1411 E. 63rd St. - The Beals: Malcolm, Mattie, Bernice, and Malcolm Jr.

House built: 1909
Cowen's University Park
Plat Block: 3 Plat Lot: 4
1910 address: 1411 E 63 St
Current address: 1411 NE 63rd St.

Malcolm Beal, age 30, was born in Kansas to Canadian-English parents. In 1910 he was employed as a travelling salesman in baking powder (KC Brand, of the Jacques Manufacturing Co., Chicago, IL).

At the time of the census, he and Mattie had been married for nine years.

Mattie K. Hall, age 29, was born in Texas. Her father had been born in Indiana, her mother in Ohio.
Malcolm and Mattie were married in Garfield County, Oklahoma on 18 Dec 1901.

They had two children: Bernice, age 9, who was born in Oklahoma, and Malcolm H., age 1, born in Pennsylvania.

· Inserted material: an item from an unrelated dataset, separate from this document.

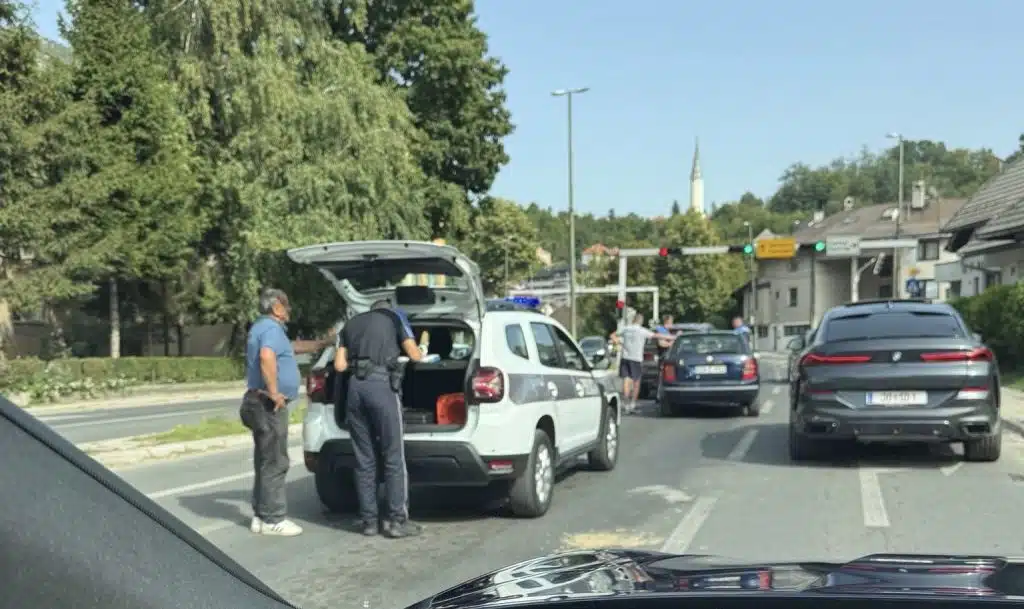 Saobraćajna nezgoda na putu M-5 u Travniku kod Gasulhane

When I decided to tackle the project of researching the people in the 1910 census for the neighborhood that would become Roosevelt, I wasn’t sure where to begin. My natural choice would have been the house that my husband Brad and I own. It was certainly there in 1910, according to the Baist Atlas for 1905 (though we and the King County Assessor understood that the house had been built in 1909). But it wasn’t included in the 1910 census.

Maybe it was vacant in April of 1910. Maybe the inhabitants were away on vacation or business. Maybe the census taker had slipped up. Maybe a sheet has been lost. I know not.

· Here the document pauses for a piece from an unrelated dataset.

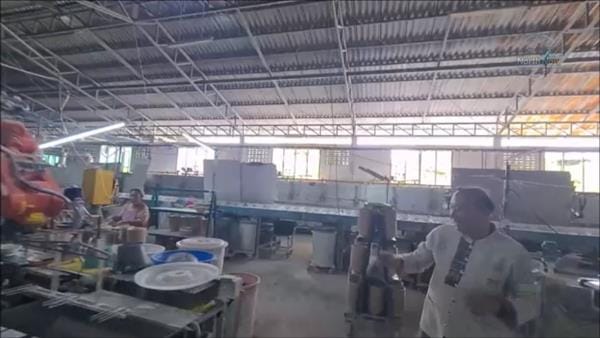 Chinese goods flood the market, Lampang ceramics in crisis: over half of factories shut down, major players turn to robots to cut labour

For a first entry, the Beals are perhaps a little dry ... which is to say, they didn't make the papers. The public information available about them is limited, as is the public information available for most people in a pre-Internet, pre-overshare world. But they were the first family in Ward 11, Enumeration District 188, visited by Oscar Olson, Enumerator. And so I begin with them.

We know by the birth places of their children that they traveled. We know, by the birth places of Malcolm and Mattie, and those of their parents, that a segment of American society was as transient as our own. We know that they brought the new baby to a new house in a new neighborhood. Seattle's population had nearly doubled between 1890 and 1900. Cowen's boosterism predicted a 1910 population of 500,000 - a number not reached until 1960 - but the population continued to grow nonetheless.

The family was Not From Here, and in that respect, they resembled the majority of their neighbors. Of the 751 people enumerated, only 145 were born in Washington; of those, 115 were 10 years old or younger.

They were white, as was 98% of the enumeration district. They could read and write English. All but two could. Mattie listed "none" as her trade or profession. Only four wives listed other employment. Bernice went to school. Only a handful of children didn't.

The 1910 census was the only one to ask mothers to list the number of children born and the number of children still living. Of the 154 mothers in the enumeration district, 51 had suffered the death of one or more of her children. It's an aspect of early 20th century life that is almost incomprehensible to 21st century American experience.

Mattie's neighbors would have understood her loss, and would not have shunned her in her grief, when Baby Malcolm died in January of the following year.

The family lived in the house until 1919, when they moved to across Lake Washington to Medina.